DIRECTIONS FOR THIS TASK: Omitting the pictures, print every line below exactly as it stands.

AVAILABLE DATA:
┄┄┄┄┄┄┄┄┄┄┄┄┄┄┄┄┄┄┄┄
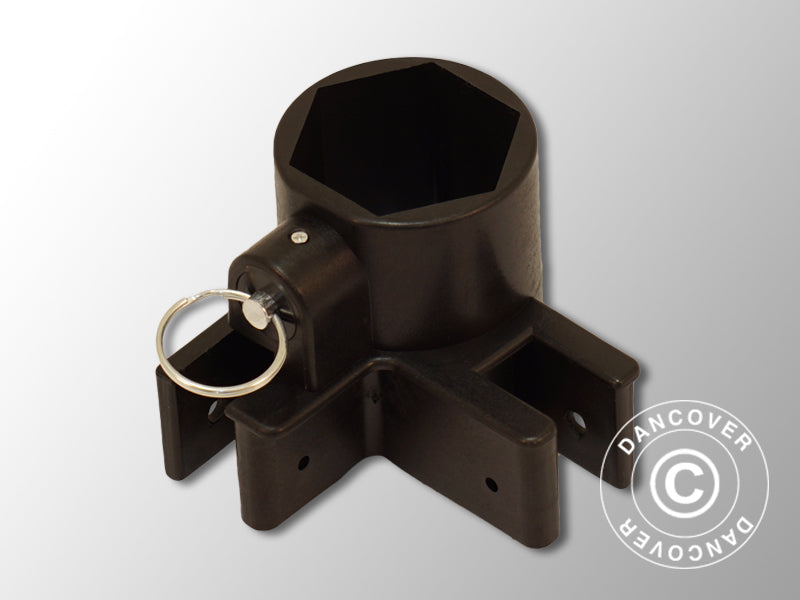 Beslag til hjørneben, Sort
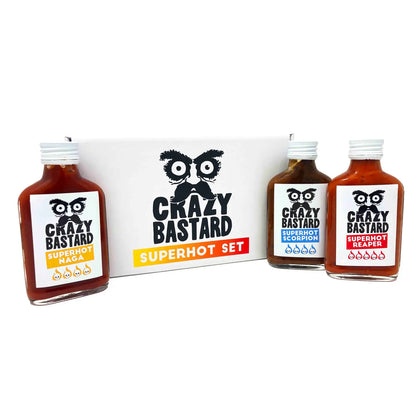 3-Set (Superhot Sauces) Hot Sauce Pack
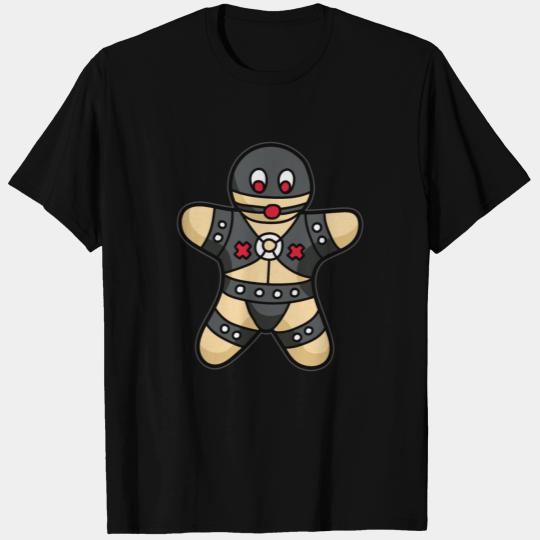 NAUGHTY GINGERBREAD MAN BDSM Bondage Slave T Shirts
┄┄┄┄┄┄┄┄┄┄┄┄┄┄┄┄┄┄┄┄
EXERCISE OUTPUT:
 Beslag til hjørneben, Sort
 3-Set (Superhot Sauces) Hot Sauce Pack
 NAUGHTY GINGERBREAD MAN BDSM Bondage Slave T Shirts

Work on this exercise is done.